SemDP: Semantic-level Differential Privacy Protection for Face Datasets
Xiaoting Zhang, Tao Wang, Junhao Ji
TL;DR
This work addresses privacy risks in publishing large face image datasets by arguing that pixel- or image-level differential privacy is insufficient to protect semantic information. It proposes a semantic-level DP pipeline that (i) builds a face attribute database from labeled attributes, (ii) perturbs those attributes using a randomized-response mechanism with a privacy budget $\varepsilon_w$ to satisfy $\varepsilon_w$-DP, and (iii) synthesizes a protected face image dataset via a GAN conditioned on the perturbed attributes. The approach demonstrates provable semantic privacy for attributes while preserving image realism, and shows improved privacy-utility trade-offs compared with state-of-the-art DP-based schemes on CelebA. The results suggest a practical path to safer sharing of face datasets, with future work extending to video and temporally consistent protection.
Abstract
While large-scale face datasets have advanced deep learning-based face analysis, they also raise privacy concerns due to the sensitive personal information they contain. Recent schemes have implemented differential privacy to protect face datasets.
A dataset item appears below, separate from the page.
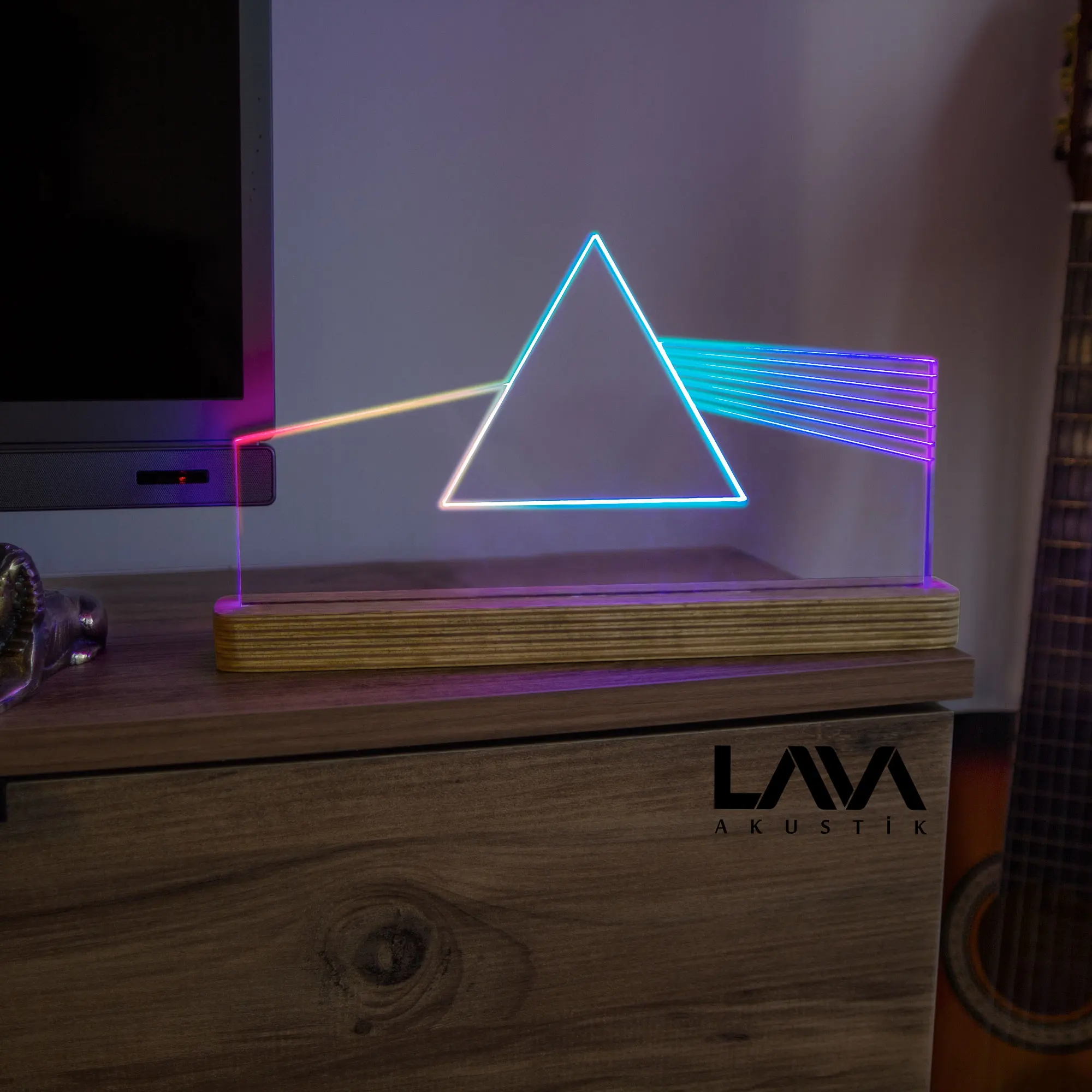 RGB LED Light USB Lamp Remote Full Animation Color Night The Dark Side Of The Moon Newton Prism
However, these schemes generally treat each image as a separate database, which does not fully meet the core requirements of differential privacy. In this paper, we propose a semantic-level differential privacy protection scheme that applies to the entire face dataset. Unlike pixel-level differential privacy approaches, our scheme guarantees that semantic privacy in faces is not compromised. The key idea is to convert unstructured data into structured data to enable the application of differential privacy. Specifically, we first extract semantic information from the face dataset to build an attribute database, then apply differential perturbations to obscure this attribute data, and finally use an image synthesis model to generate a protected face dataset. Extensive experimental results show that our scheme can maintain visual naturalness and balance the privacy-utility trade-off compared to the mainstream schemes.